▶ [DATA RECORDS]

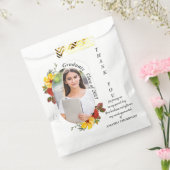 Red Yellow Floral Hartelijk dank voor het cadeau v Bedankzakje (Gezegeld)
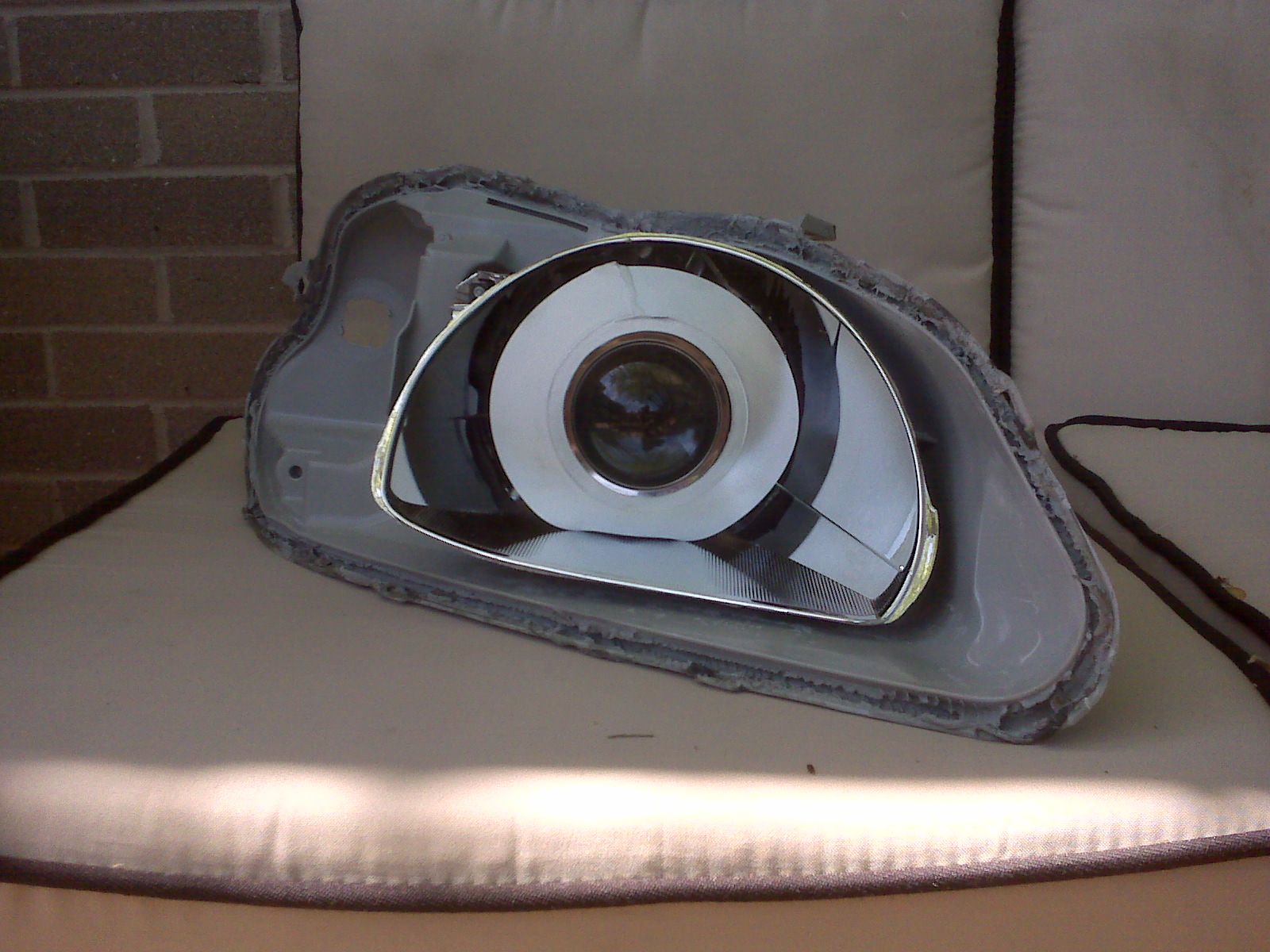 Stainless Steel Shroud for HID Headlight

* * *

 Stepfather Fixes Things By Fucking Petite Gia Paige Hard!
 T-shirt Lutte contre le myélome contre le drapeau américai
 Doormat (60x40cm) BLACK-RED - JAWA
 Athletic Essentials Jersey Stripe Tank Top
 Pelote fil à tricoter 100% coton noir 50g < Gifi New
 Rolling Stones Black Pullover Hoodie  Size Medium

* * *

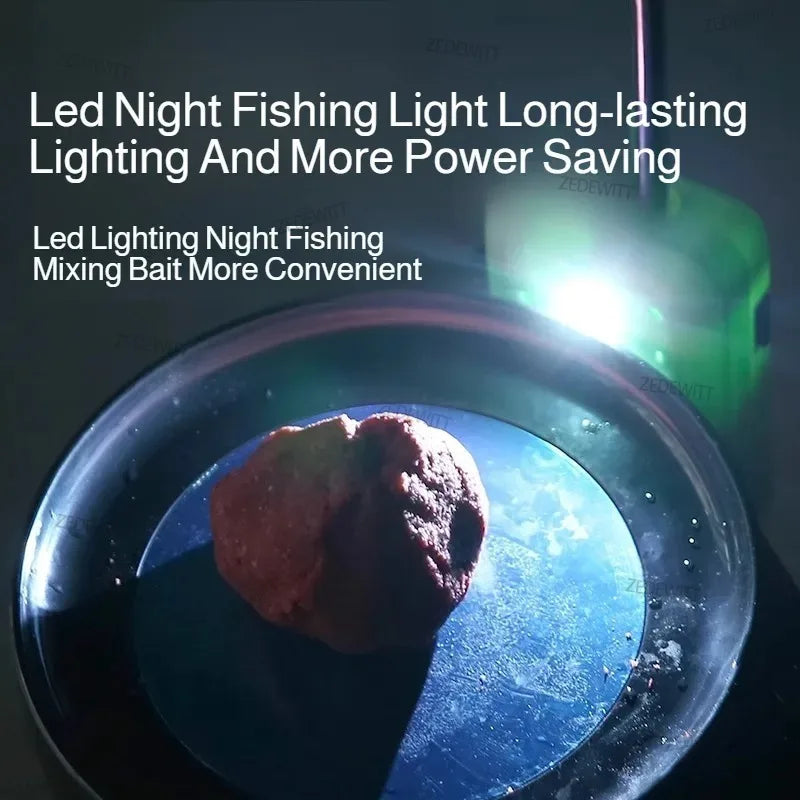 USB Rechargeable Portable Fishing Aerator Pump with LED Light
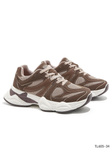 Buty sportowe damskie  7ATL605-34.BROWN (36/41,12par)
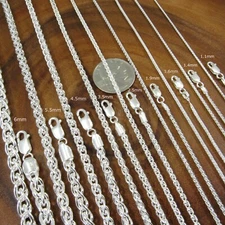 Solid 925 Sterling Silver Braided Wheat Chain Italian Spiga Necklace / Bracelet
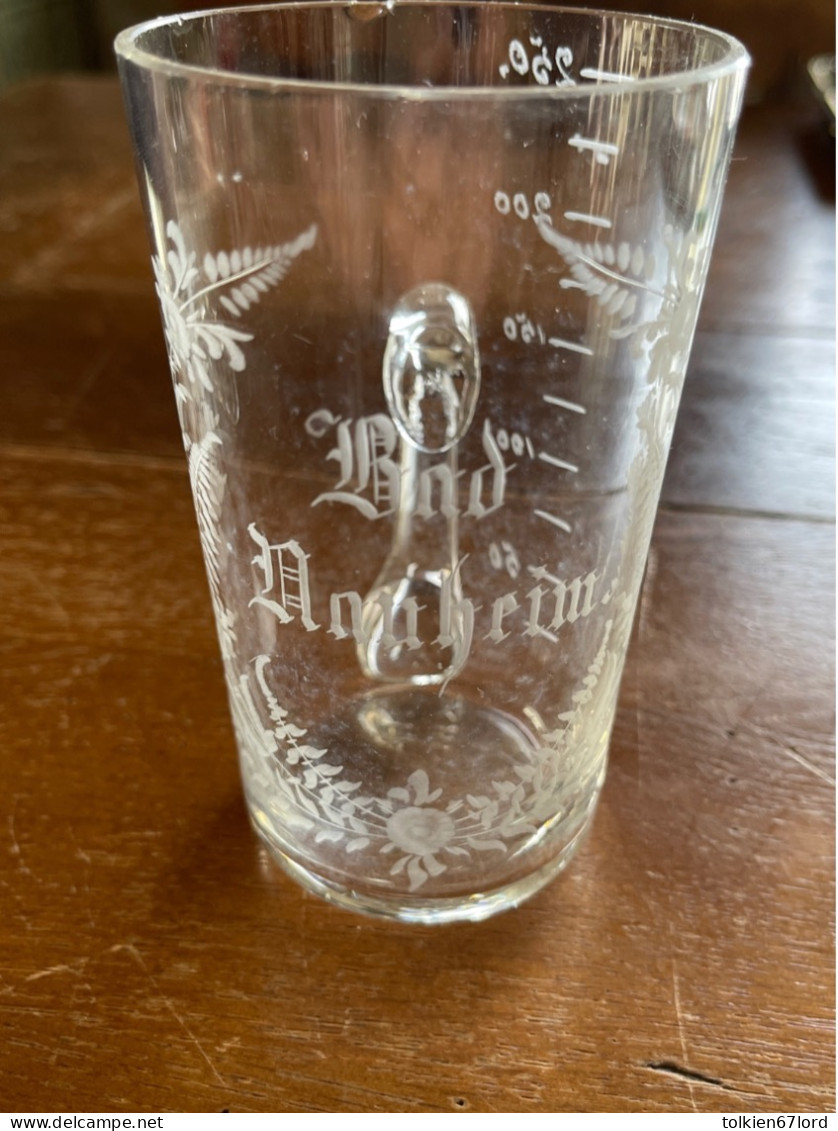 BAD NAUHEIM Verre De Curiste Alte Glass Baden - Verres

▶ [TASK GOAL]
From the records above, transcribe without alteration every line from the one with "Pelote fil à" to the one with "Rolling Stones Black", inclusive.

▶ [TASK RESULT]
 Pelote fil à tricoter 100% coton noir 50g < Gifi New
 Rolling Stones Black Pullover Hoodie  Size Medium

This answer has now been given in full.